Que outro jornalista teria o privilégio de ser interpretado por dois astros como Jason Robards e Tom Hanks? Só mesmo Ben Bradlee, personagem de Todos os Homens do Presidente, de Alan Pakula, e do recente The Post – a Guerra Secreta, que concorre ao Oscar dia 4 de março. Benjamin Crowninshield Bradlee foi mesmo uma grande figura, como se pode comprovar no documentário Homem de Jornal: a Vida de Ben Bradlee, de John Maggio (na HBO).
De família e porte aristocráticos, o jovem Bradlee foi formado na cultura puritana de Boston. Ele mesmo diz que se casou com a primeira moça que namorou. Teve poliomielite na infância, superou-se, virou atleta, esteve na guerra, acumulou experiência e retornou são e salvo aos Estados Unidos. Então tirou a sorte grande ao ser convidado como correspondente da revista Newsweek em Paris.
Paris é sempre um banho de civilização para quem sabe aproveitá-la. Ainda mais a Paris do pós-guerra, quando Sartre, Simone de Beauvoir e Albert Camus podiam ser encontrados nos cabarés ouvindo Juliette Gréco. O jovem Bradlee voltou da Europa mais culto e mais aberto. Regressou também com esposa nova, que conhecera nos embalos tanto da Rive Gauche quanto da Rive Droite.
O filme o mostra na vida mundana e deliciosa dos anos de ouro, em festas, flertando com as damas e cultivando amizade íntima com os Kennedy. Mesmo depois de John Kennedy ser eleito, a amizade continuou, apesar de o priápico presidente dar em cima da esposa do amigo de um jeito que, hoje, lhe custaria processo por assédio.
A celebridade de Bradlee vem de duas coberturas sensacionais bancadas por ele no tempo em que era editor do The Washington Post. divulgação dos Papéis do Pentágono abalou o governo de Richard Nixon e o Caso Watergate acabou por derrubá-lo. Os casos são narrados pelo próprio Bradlee e também por seus protagonistas, os repórteres vedetes Bob Woodward e Carl Berstein.
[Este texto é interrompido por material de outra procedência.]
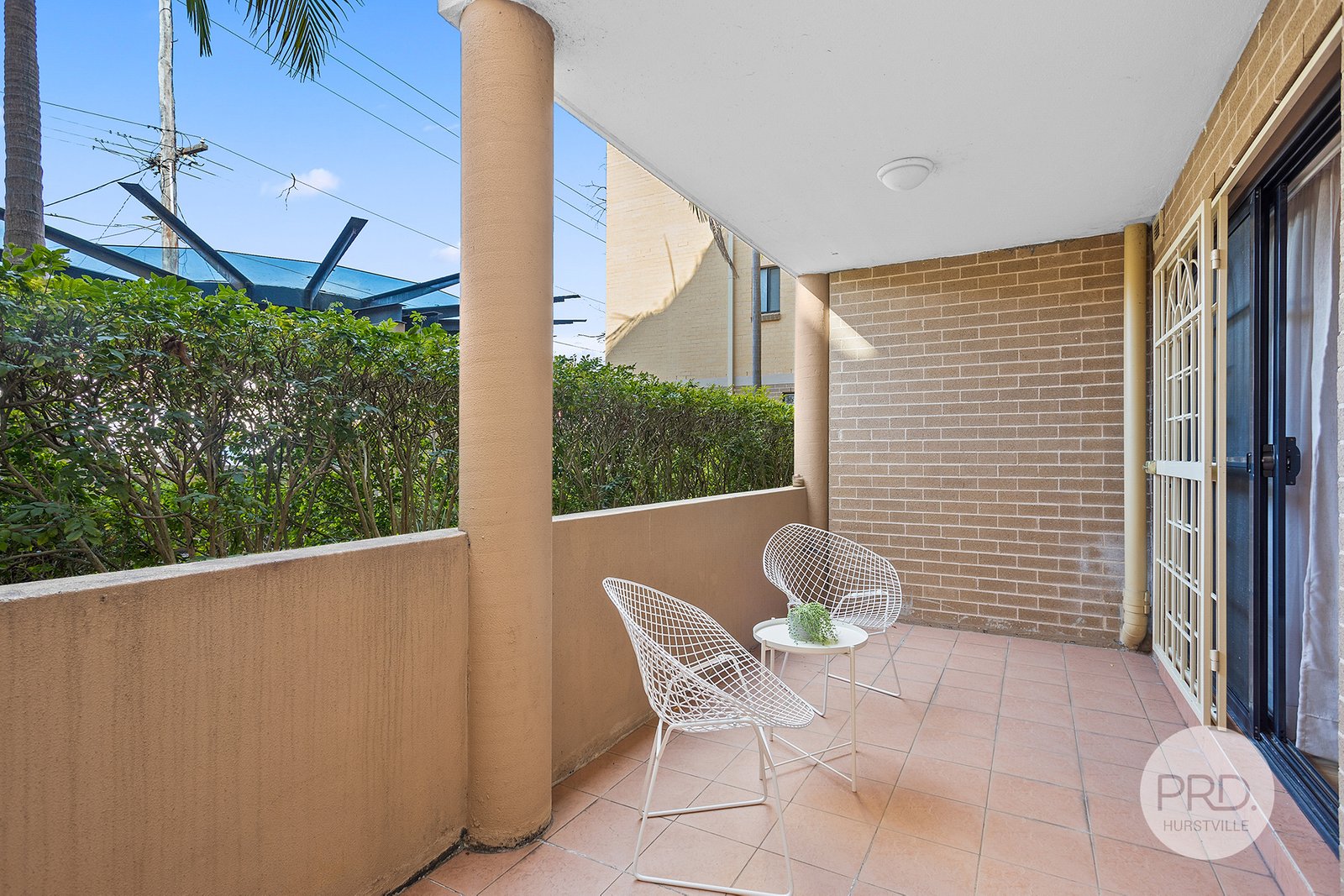 32/41-51 Wright Street HURSTVILLE 7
O próprio Henry Kissinger, então Secretário de Estado, vem dar seu pitaco.
O documentário aborda as diversas facetas de Bradlee, do sedutor ao implacável homem de jornal, em estado permanente de “busca da verdade”. Ouvimos tudo de sua própria voz: do seu grande êxito nos dois momentos maiores de sua carreira ao ponto mais baixo, quando o Post publicou uma série de reportagens indicada ao Pulitzer que, comprovou-se, haviam sido forjadas pela repórter. Do limão azedo, o Post fez uma limonada pouco usual na imprensa: assumiu o engano em matéria de capa seguida de quatro páginas internas. Reconheceu que a culpa era não apenas da repórter, mas do jornal, por não ter feito uma checagem rigorosa das informações. Foi um exemplo de transparência.
No sucesso como no declínio Bradlee comportou-se com elegância, como parece dizer este belo documentário sobre um jornalista old school que, soldado exemplar, fez muito mais do que exigia o seu dever.